Input:
####

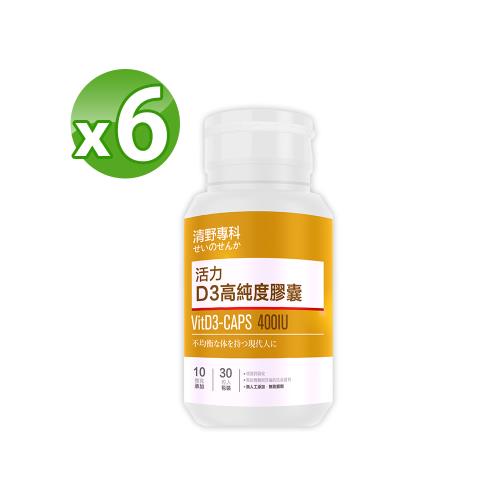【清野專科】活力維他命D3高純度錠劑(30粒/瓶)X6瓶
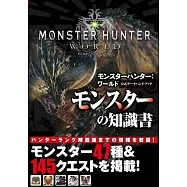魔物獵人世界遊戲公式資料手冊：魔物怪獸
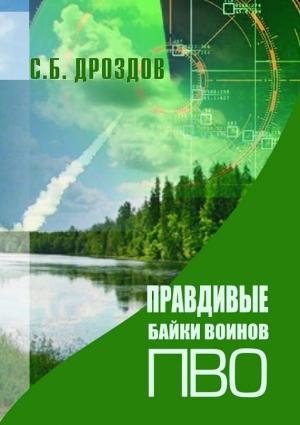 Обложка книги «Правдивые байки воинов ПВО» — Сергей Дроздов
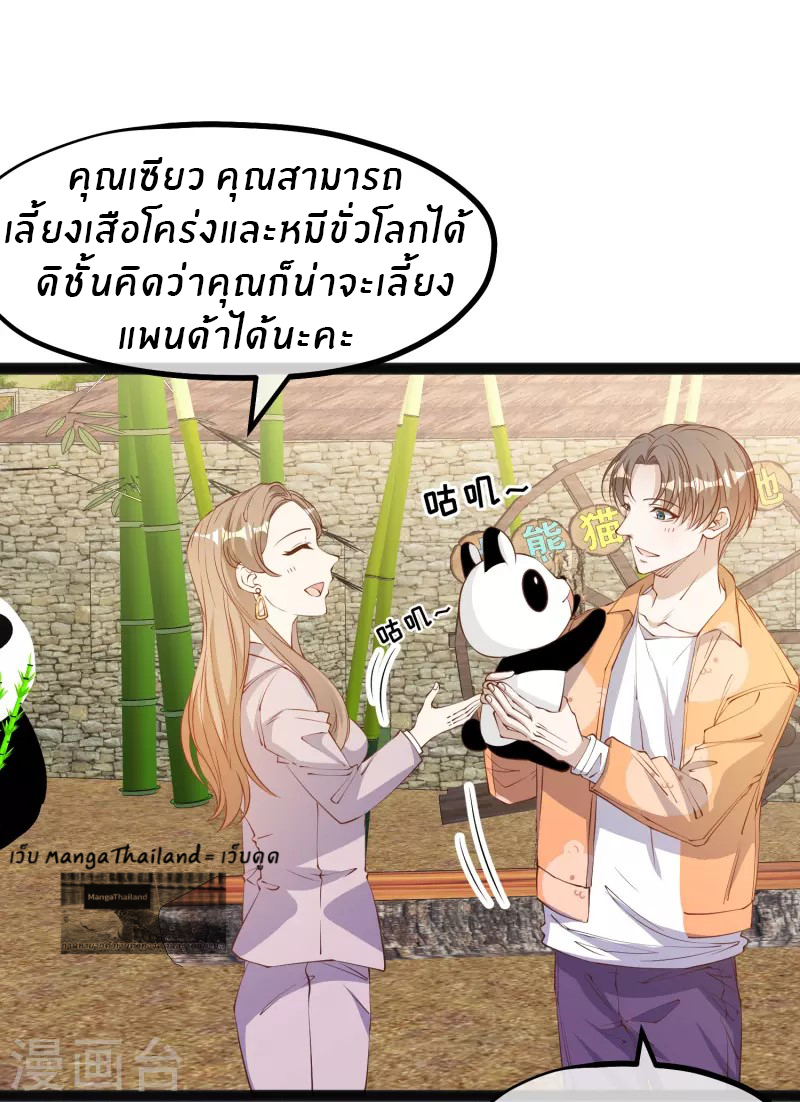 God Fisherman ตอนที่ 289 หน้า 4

####

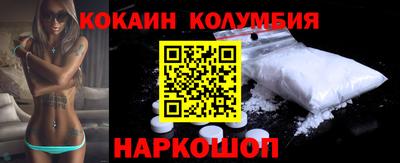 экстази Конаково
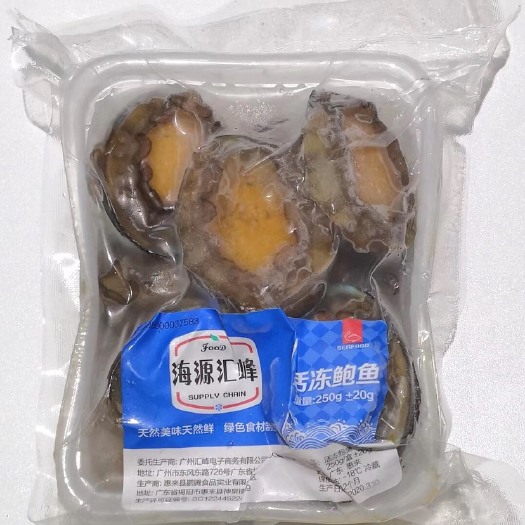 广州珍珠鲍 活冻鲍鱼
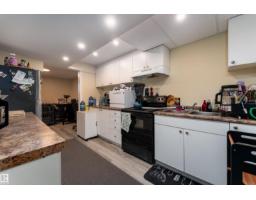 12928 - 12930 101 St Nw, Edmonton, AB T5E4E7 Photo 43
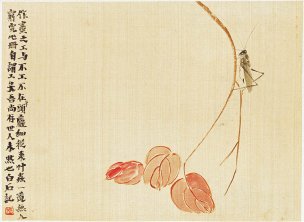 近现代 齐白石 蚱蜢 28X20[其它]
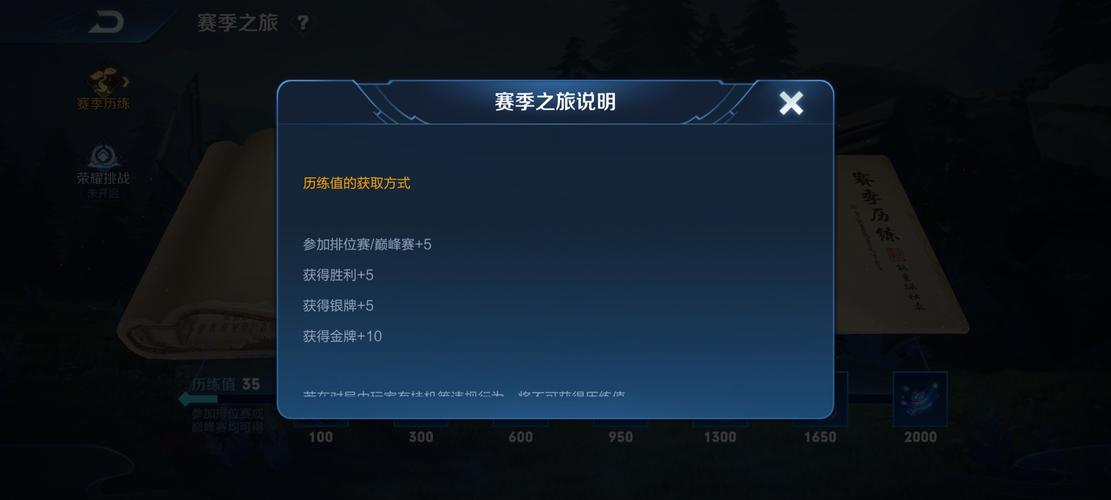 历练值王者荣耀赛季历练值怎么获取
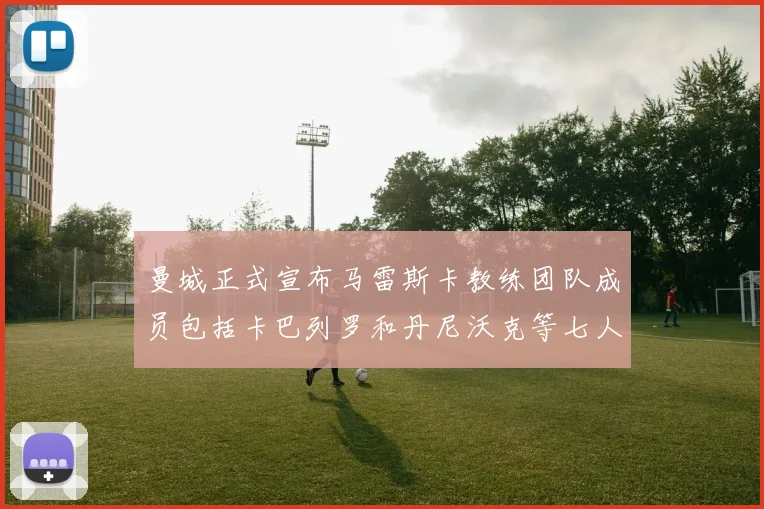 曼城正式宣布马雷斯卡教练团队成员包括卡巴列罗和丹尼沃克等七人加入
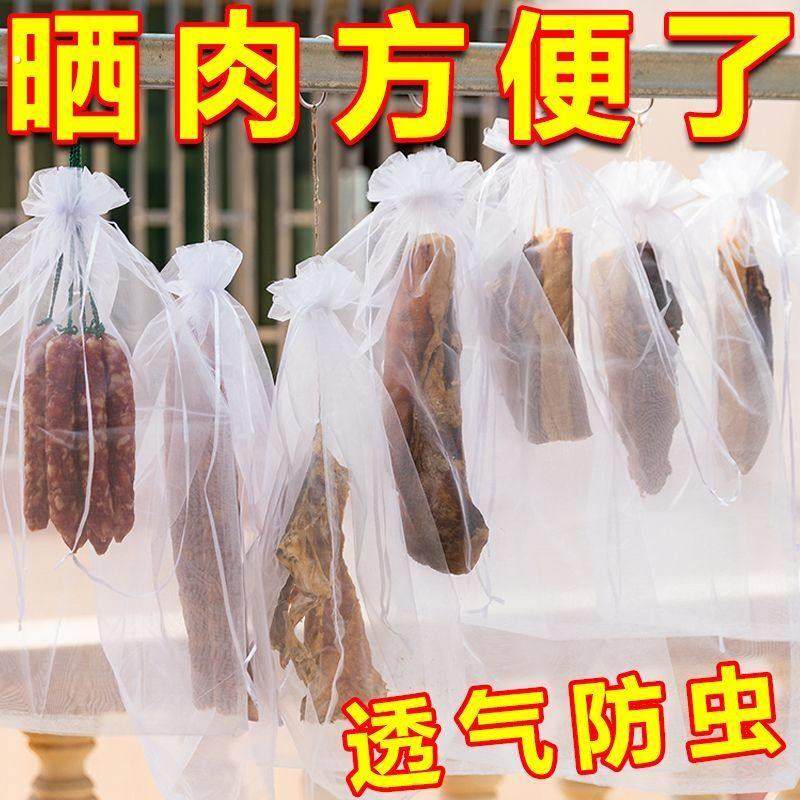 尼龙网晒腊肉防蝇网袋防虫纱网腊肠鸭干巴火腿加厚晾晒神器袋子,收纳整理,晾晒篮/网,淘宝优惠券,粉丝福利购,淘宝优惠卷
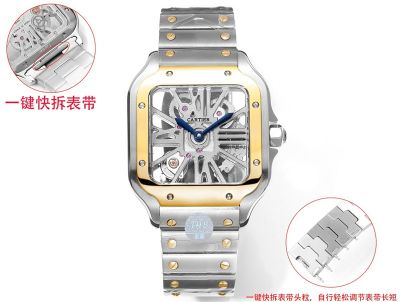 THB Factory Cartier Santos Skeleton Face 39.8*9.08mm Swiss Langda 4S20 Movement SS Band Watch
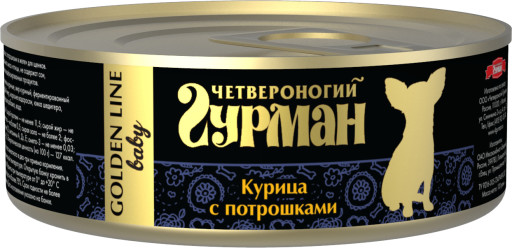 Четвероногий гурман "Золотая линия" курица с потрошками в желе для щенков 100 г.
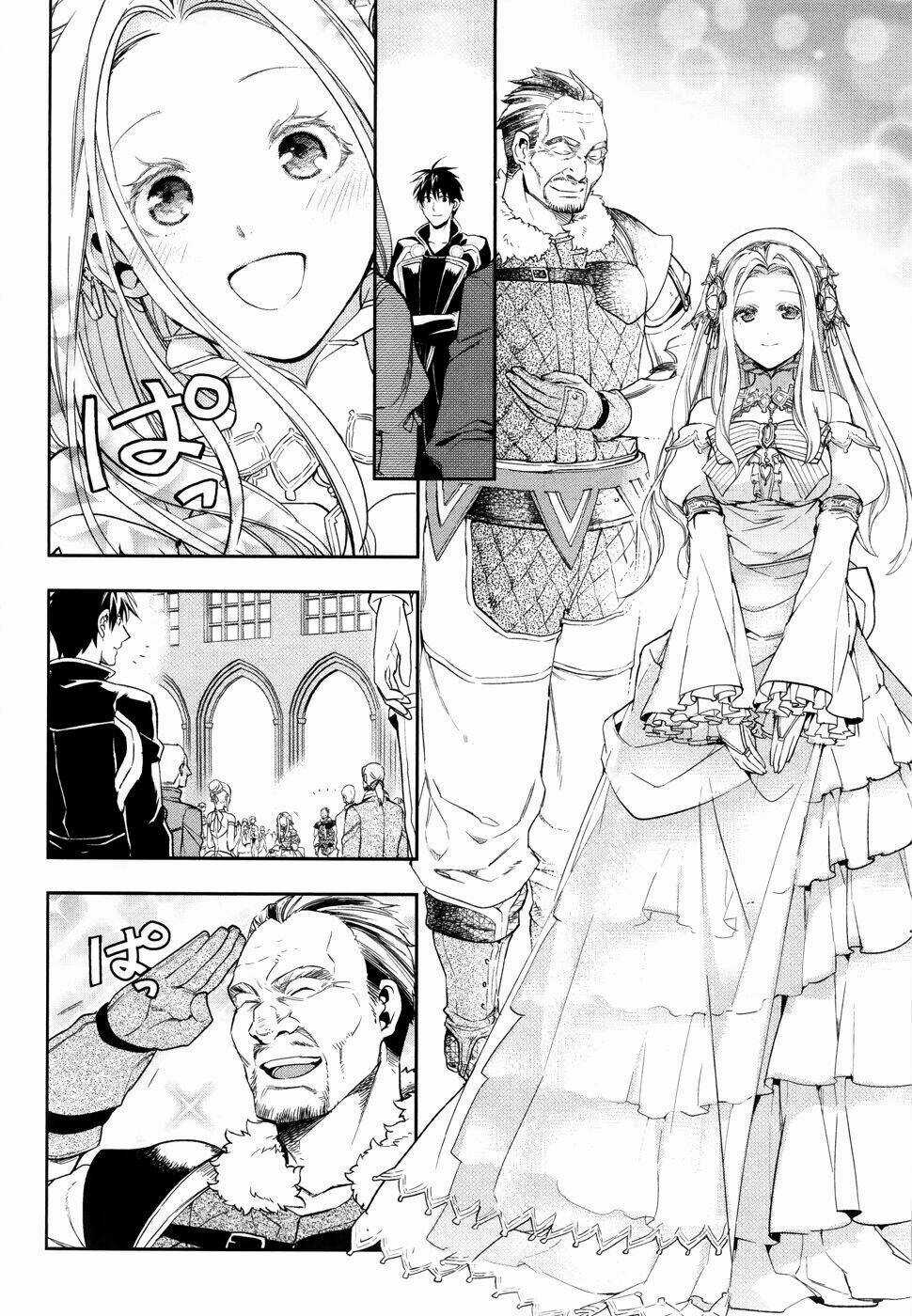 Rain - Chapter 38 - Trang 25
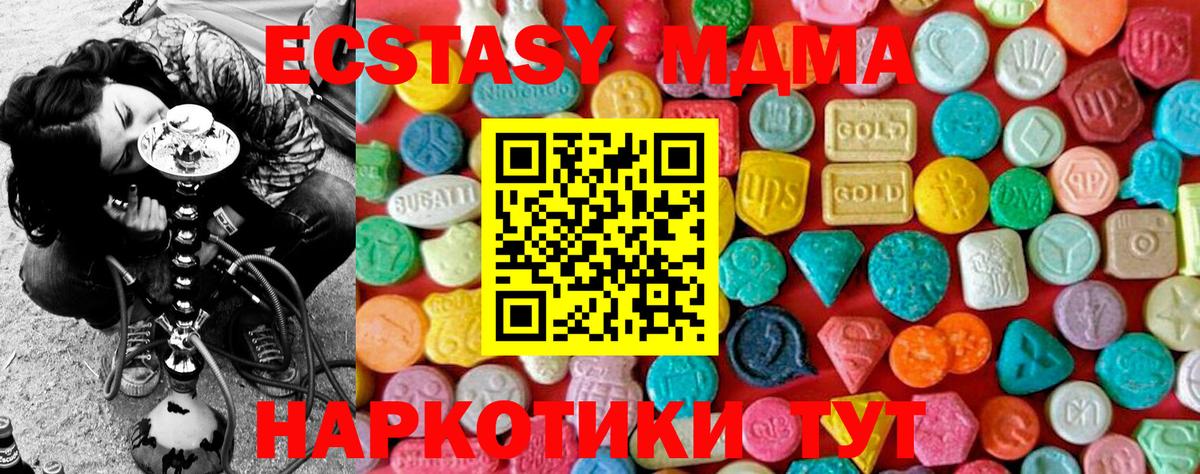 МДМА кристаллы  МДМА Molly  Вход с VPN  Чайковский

####

About this exercise: If a picture sits between the line containing "魔物獵人世界遊戲公式資料手冊：魔物怪獸" and the line containing "God Fisherman ตอนที่ 289 หน้า 4", leave it out, and return the lines of that range above exactly, both ends included.

Exercise response:
魔物獵人世界遊戲公式資料手冊：魔物怪獸
 Обложка книги «Правдивые байки воинов ПВО» — Сергей Дроздов
 God Fisherman ตอนที่ 289 หน้า 4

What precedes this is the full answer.